Task brief:
From the line with "204 Christopher Drive, Eddy, TX" down to the final line of the material, please transcribe everything exactly, but leave the pictures out.

Provided data:
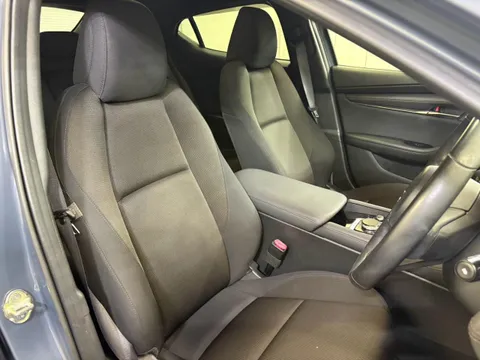Mazda MAZDA3 Fastback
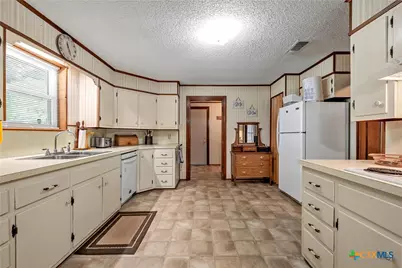 204 Christopher Drive, Eddy, TX 76524 - Photo 12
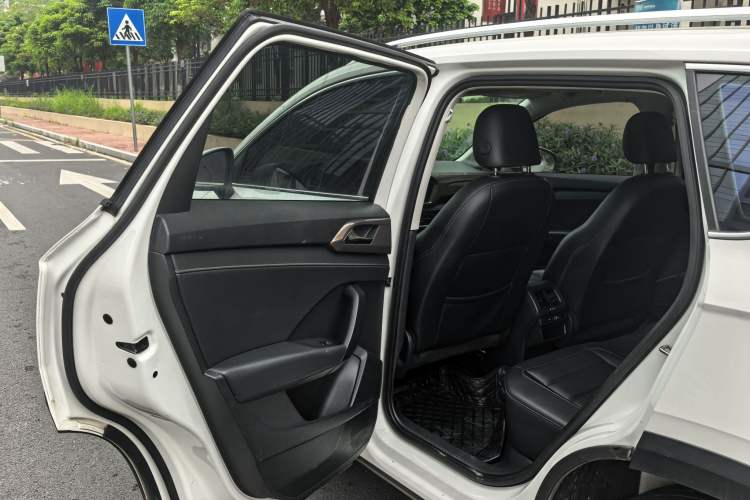 Used Volkswagen Tharu 2022 280TSI Two-Wheel-Drive Luxury Edition Interior 4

Completed exercise:
 204 Christopher Drive, Eddy, TX 76524 - Photo 12
 Used Volkswagen Tharu 2022 280TSI Two-Wheel-Drive Luxury Edition Interior 4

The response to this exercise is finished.